Donnerstag, 30. Mai 2013

Mesuteyä ttìpämgkxo / Unterhaltung zweier Frauen

Nìm'wey sì oe ultxa si ylltxepro.
(Nìmwey und ich treffen uns an der Feuerstelle.)

Hunger lässt mich sehr früh erwachen. Mein Magen knurrt etwas und Durst habe ich auch, großen Durst. Dabei fällt mir auf, dass ich in den letzten Tagen überhaupt sehr viel trinke, mehr als für gewöhnlich. Und mir fällt noch etwas auf: Ich trinke Tee lieber als Saft oder Wasser.

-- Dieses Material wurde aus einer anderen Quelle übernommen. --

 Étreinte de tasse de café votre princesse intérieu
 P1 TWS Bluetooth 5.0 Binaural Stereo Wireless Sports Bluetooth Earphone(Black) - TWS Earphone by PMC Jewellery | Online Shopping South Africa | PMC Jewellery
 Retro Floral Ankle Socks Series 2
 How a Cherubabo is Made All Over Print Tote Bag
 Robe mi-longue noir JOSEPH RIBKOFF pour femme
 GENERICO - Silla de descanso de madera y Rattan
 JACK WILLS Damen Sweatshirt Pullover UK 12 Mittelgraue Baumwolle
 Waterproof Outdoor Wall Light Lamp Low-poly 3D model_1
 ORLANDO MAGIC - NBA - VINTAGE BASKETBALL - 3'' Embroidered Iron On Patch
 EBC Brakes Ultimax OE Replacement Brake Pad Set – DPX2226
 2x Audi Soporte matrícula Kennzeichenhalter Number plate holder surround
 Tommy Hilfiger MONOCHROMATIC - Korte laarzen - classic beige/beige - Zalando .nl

So gehe ich zur Feuerstelle, mache mir einen Becher Tee und esse einige Beeren, die noch von gestern übrig sind. Es ist ein etwas diesiger Morgen und meine Augen haben Mühe, die Iknimaya Felsen (schwebende Felsen) zu erkennen. Sie liegen in dichten Wolken, die von der Morgensonne in organgefarbenes Licht getaucht werden.

Ich beschließe, ein wenig im Fluss zu schwimmen und setze mich dann auf einen Felsen, von dem aus ich zu unserem großen Wasserfall hinüber sehen kann. Dann erkenne ich, als ich in den Himmel hinauf schaue, einen Ikran (Banshee), der durch die Wolken in unser Tal hinunter geflogen kommt. Zuerst vermute ich Ya'rrì (Kxìryas Ikran), als ich aber eine Gestalt darauf sitzen sehe und genauer hinschaue, glaube ich Nìm'wey, unsere neue Heilerin identifizieren zu können.

Genau sie ist es dann auch, die mit ihrem fliegenden Begleiter nahe unseres Lagers landet und sich dann von ihm verabschiedet. Ich springe ins Wasser, schwimme zu ihr hinüber und wir begrüßen uns. Sie fragt mich sogleich, wie es mit meinen Verletzungen aussieht, aber ich kann sie beruhigen. Schmerzen habe ich keine mehr und langsam, aber sicher, heilen die Wunden wieder.

Nìm'wey ist erfreut über diese Nachricht und lädt mich ein, mich mit ihr ans Feuer zu setzen. An dieser Geste glaube ich erkennen zu können, dass sie sich bei uns schon fast zu Hause zu fühlen scheint. Ich biete ihr dann an, dass ich für uns beide noch Tee koche,  dann sitzen wir gemeinsam am Feuer und unterhalten uns.

Es ist ein typisches Frauengespräch. Nìm'wey zeigt mir ein Kleidungsstück, das sie anlässlich des bevorstehenden Festes, das wir feiern wollen, anfertigt. Ein sehr schönes und feierliches Gewand, wie ich finde. Ich lobe sie für ihre Fingerfertigkeit, die man auch an dieser Arbeit wieder einmal sehr schön sehen kann.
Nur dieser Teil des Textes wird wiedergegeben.